Search code examples
pythonpandaspostgresqlsftppysftp

Read CSV/Excel files from SFTP file, make some changes in those files using Pandas, and save back


I want to read some CSV/Excel files on a secure SFTP folder, make some changes (fixed changes in each file like remove column 2) in those files, upload them to a Postgre DB and also the upload them to a different SFTP path in Python

What's the best way to this?

I have made a connection to the SFTP using pysftp library and am reading the Excel:

import pysftp
import pandas as pd

myHostname = "*****"
myUsername = "****"
myPassword = "***8"
cnopts =pysftp.CnOpts()
cnopts.hostkeys = None  

sftp=pysftp.Connection(host=myHostname, username=myUsername, 
password=myPassword,cnopts=cnopts)
print ("Connection succesfully stablished ... ")
sftp.chdir('test/test')
#sftp.pwd
a=[]
for i in sftp.listdir_attr():
    with sftp.open(i.filename) as f:
        df=pd.read_csv(f)

How should I proceed with the upload to DB and making those changes to the CSV permanent?


Solution

  • You have the download part done.

    For the upload part, see How to Transfer Pandas DataFrame to .csv on SFTP using Paramiko Library in Python? – While it's for Paramiko, pysftp Connection.open method behaves identically to Paramiko SFTPClient.open, so the code is the same (though, you should not use pysftp).

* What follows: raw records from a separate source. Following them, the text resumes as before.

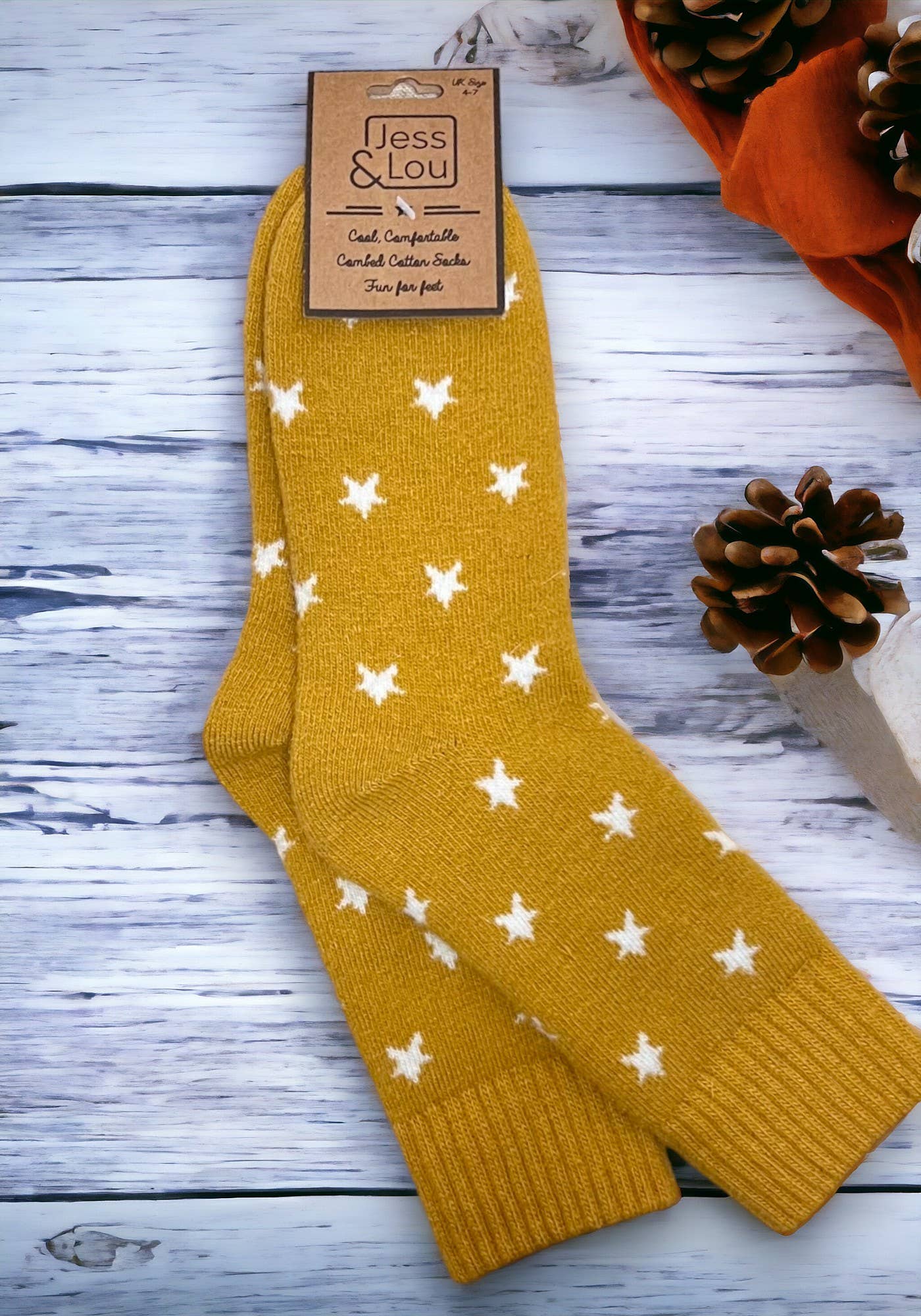 Jess & Lou – wholesale Socks – Women's – Stylish Stars Ribbed Socks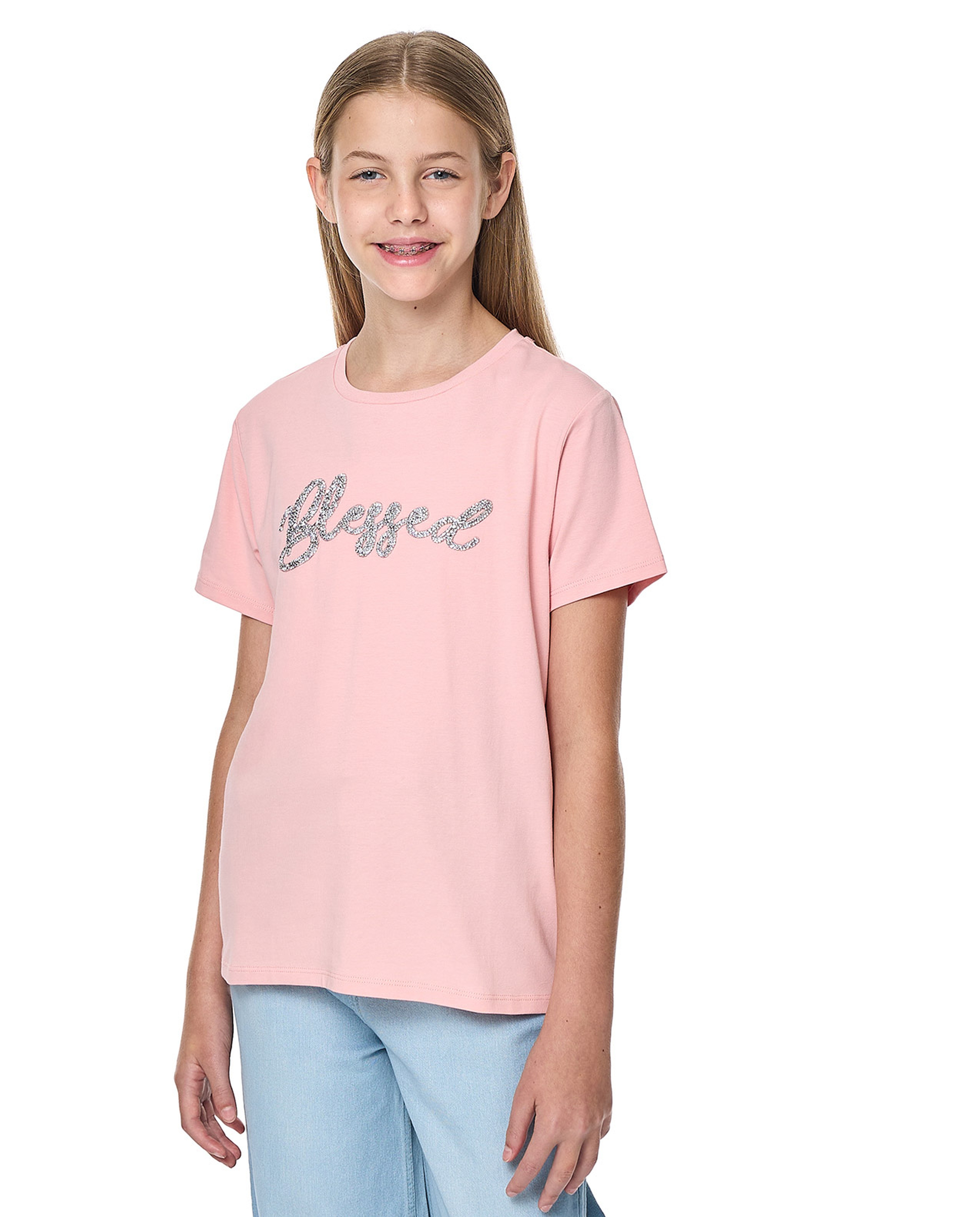 Embellished T-Shirt with Crew Neck and Short Sleeves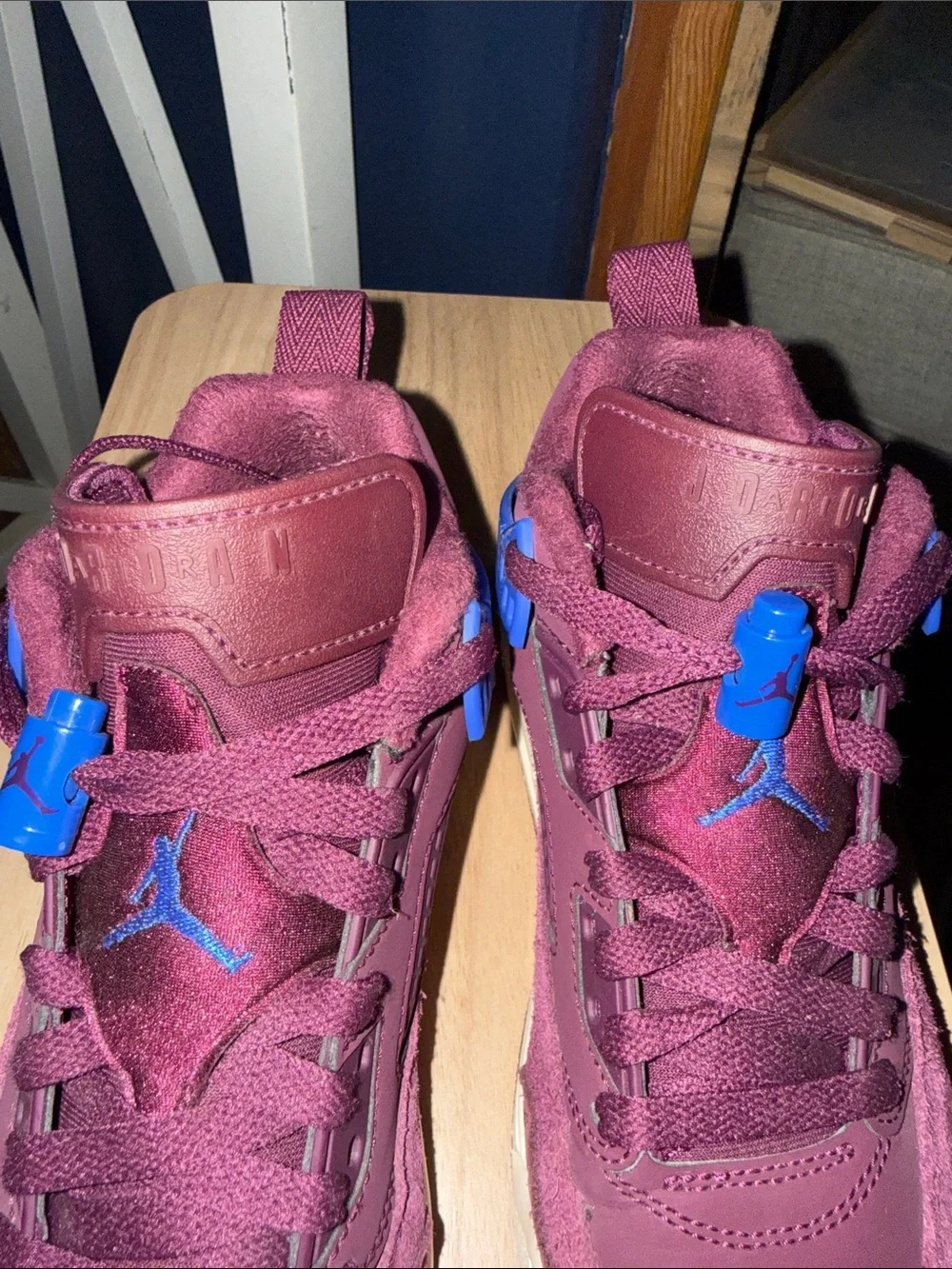 Jordan Spizike Low-Bordeaux/Hyper Royal/Sail Kids Size 4.5Y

    Full code can be like:

    with sftp.open("/remote/path/data.csv", "r+", bufsize=32768) as f:
        # Download CSV contents from SFTP to memory
        df = pd.read_csv(f)
    
        # Modify as you need (just an example)
        df.at[0, 'Name'] = 'changed'
    
        # Upload the in-memory data back to SFTP
        f.seek(0)
        df.to_csv(f, index=False)
        # Truncate the remote file in case the new version of the contents is smaller
        f.truncate(f.tell())
    

    The above updates the same file. If you want to upload to a different file, use this:

    # Download CSV contents from SFTP to memory
    with sftp.open("/remote/path/source.csv", "r") as f:
        df = pd.read_csv(f)
    
    # Modify as you need (just an example)
    df.at[0, 'Name'] = 'changed'
    
    # Upload the in-memory data back to SFTP
    with sftp.open("/remote/path/target.csv", "w", bufsize=32768) as f:
        df.to_csv(f, index=False)
    

    For the purpose of bufsize, see:
    Writing to a file on SFTP server opened using Paramiko/pysftp "open" method is slow


    Obligatory warning: Do not set cnopts.hostkeys = None, unless you do not care about security. For the correct solution see Verify host key with pysftp.